Mountain States

Colorado Activist Group Misleads Task Force with Denial of Anti-Energy Agenda

The San Juan Citizens Alliance denies being an “anti-energy” group. But in this 2010 video, the group called its campaign against the oil and gas industry a “street fight,” endorsed “bans on drilling,” and urged other activist groups to “put up as many obstacles … to make it as difficult as possible to develop” oil and gas.

An activist organization based in Western Colorado has joined the growing list of fringe environmental groups trying to mislead the state’s new oil and gas task force.

This time, in public testimony to the task force, the San Juan Citizens Alliance (SJCA) portrayed itself as a moderate environmental group that wants tighter regulations – not bans – on oil and gas development. The SJCA went further and specifically denied being an “anti-energy” group.

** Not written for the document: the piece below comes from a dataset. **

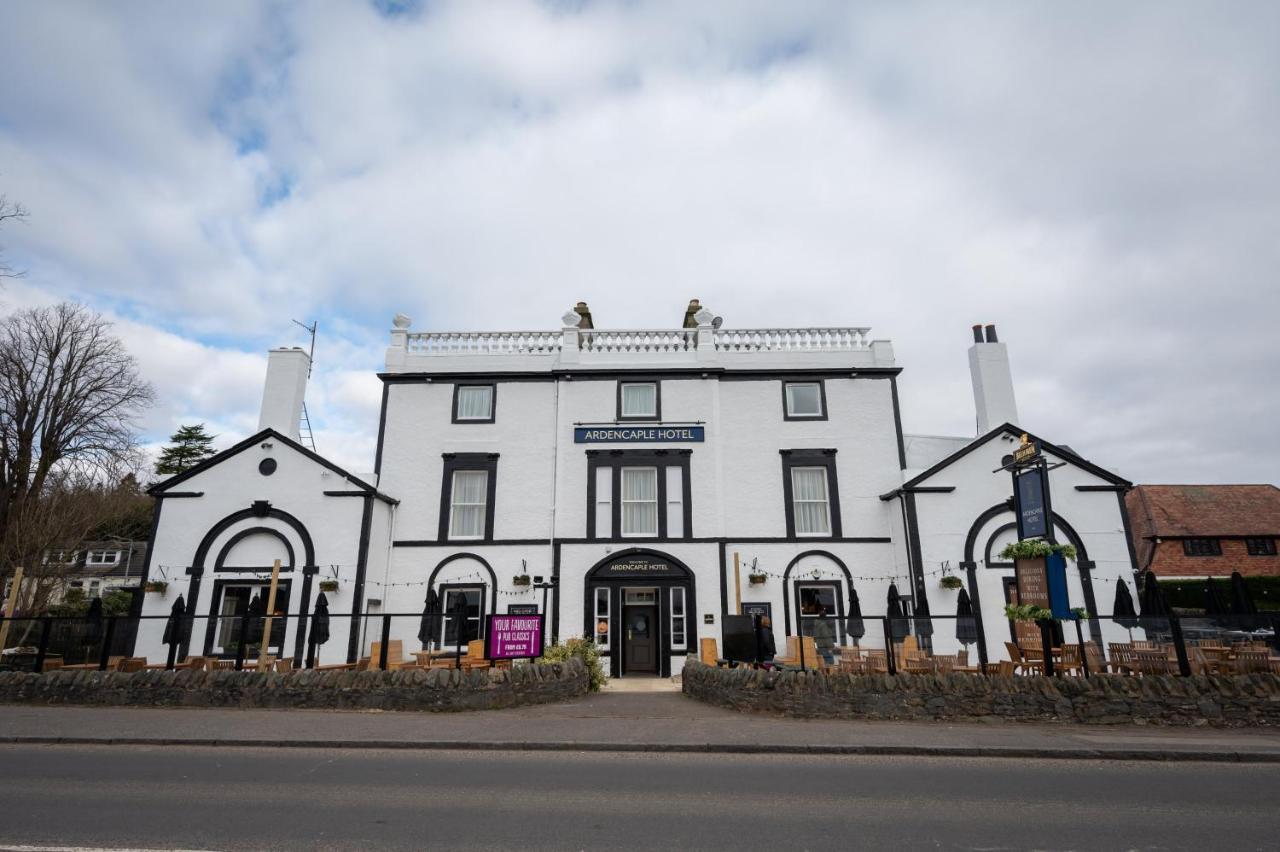 Ardencaple Hotel By Greene King Inns Helensburgh Exterior foto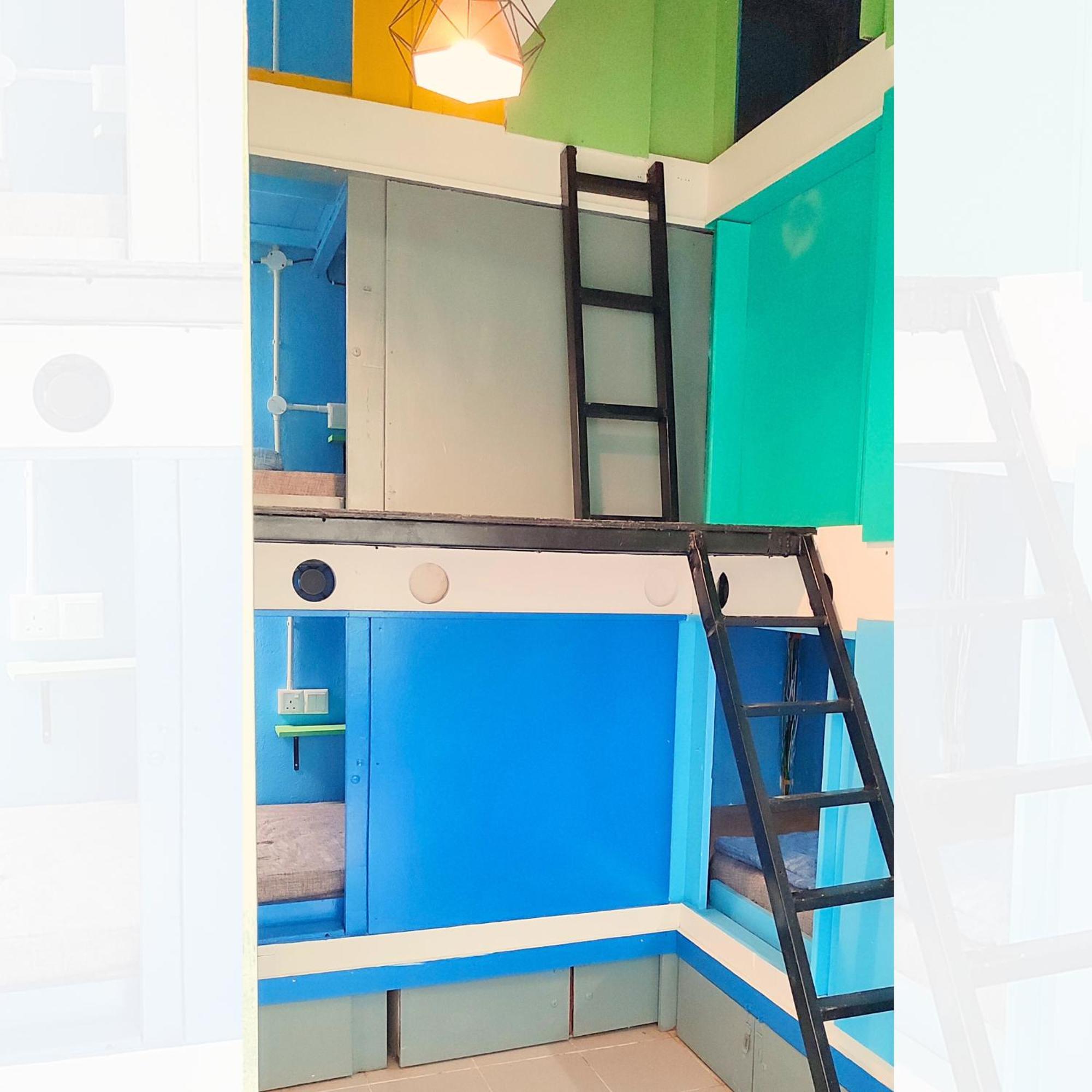 Bestow Capsule Hostel Kuala Lumpur Eksteriør billede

But this is completely untrue. The SJCA actively supports drilling bans and has even called the campaign against the oil and gas industry a “bar fight,” “street fight” and “back-alley fight.” The SJCA also works closely with fringe groups such as WildEarth Guardians and Global Community Monitor (GCM), which want to wipe out drilling by banning hydraulic fracturing – a brief but essential step in developing almost every active oil and gas well in the U.S. today. For example, WildEarth Guardians is campaigning for a “frack-free West” while GCM says hydraulic fracturing must be banned because “no regulations can make fracking safe.”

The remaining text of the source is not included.